SEC charges broker with luring investors into fake tax-exempt bonds


The Securities and Exchange Commission has charged former Illinois-based broker-dealer Ronald Molo with defrauding three investors out of $800,000 by luring them into investing in nonexistent tax-exempt bonds.

The bonds were not genuine, the SEC found, and Molo is accused of using the $800,000 for personal expenses.

“Molo convinced the three investors to transfer money out of their advisory and brokerage accounts to another bank account, purportedly to invest in tax-free bonds,” the SEC release said. “In reality, the bonds did not exist and Molo did not tell the investors that the account to which he had directed them to transfer their money was his personal bank account.”

Bloomberg News

Between January 2019 and November 2020, while registered with Edward Jones, Molo allegedly stole $250,000 and $300,000 from two of his investment advisory clients while working out of his firm’s office in Joliet, Illinois. He then stole another $250,000 from a brokerage firm client, the SEC said.

The SEC found that Molo used this money to pay personal expenses including mortgage payments, automobile purchases and renovations to his home. He then tried to cover it up by sending the three investors $22,000 in purported interest payments from the nonexistent bonds, using altered cashiers checks drawn from funds in his personal bank account.
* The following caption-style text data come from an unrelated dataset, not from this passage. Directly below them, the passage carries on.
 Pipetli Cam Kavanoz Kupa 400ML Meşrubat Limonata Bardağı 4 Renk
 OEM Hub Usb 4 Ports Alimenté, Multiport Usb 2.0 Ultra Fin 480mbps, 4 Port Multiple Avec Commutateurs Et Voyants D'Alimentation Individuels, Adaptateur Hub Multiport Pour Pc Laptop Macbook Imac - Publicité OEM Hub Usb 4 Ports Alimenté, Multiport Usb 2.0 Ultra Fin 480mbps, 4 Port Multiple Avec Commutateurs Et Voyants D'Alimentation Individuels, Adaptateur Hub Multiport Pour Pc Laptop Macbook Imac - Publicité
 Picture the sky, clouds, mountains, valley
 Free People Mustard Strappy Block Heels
“Molo did not provide the investors with written materials about the purported bond investments – all of their communications about the supposed investments were oral,” the complaint said. When his former employer discovered the fraud in June 2021, they terminated him.

The SEC’s complaint was filed in the U.S. District Court for the Northern District of Illinois and seeks injunctive relief, disgorgement, prejudgement interest and civil penalties.
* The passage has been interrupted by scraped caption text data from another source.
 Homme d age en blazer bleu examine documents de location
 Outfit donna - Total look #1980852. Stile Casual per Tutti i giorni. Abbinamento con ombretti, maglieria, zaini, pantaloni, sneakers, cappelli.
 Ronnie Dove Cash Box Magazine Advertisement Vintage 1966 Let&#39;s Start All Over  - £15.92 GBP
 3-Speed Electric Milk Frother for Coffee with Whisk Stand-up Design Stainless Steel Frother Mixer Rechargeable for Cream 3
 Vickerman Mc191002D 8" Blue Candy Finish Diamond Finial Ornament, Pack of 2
Criminal charges were filed against Molo on Nov. 23 by the U.S. Attorney’s Office for the Northern District of Illinois in a parallel action.

The Financial Industry Regulatory Authority suspended Molo’s license in October, citing his failure to respond to questions from FINRA investigators.

The SEC investigation is ongoing and is being conducted by James O’Keefe, supervised by Steven Klawans of the Chicago regional office and litigation is being led by Eric Phillips.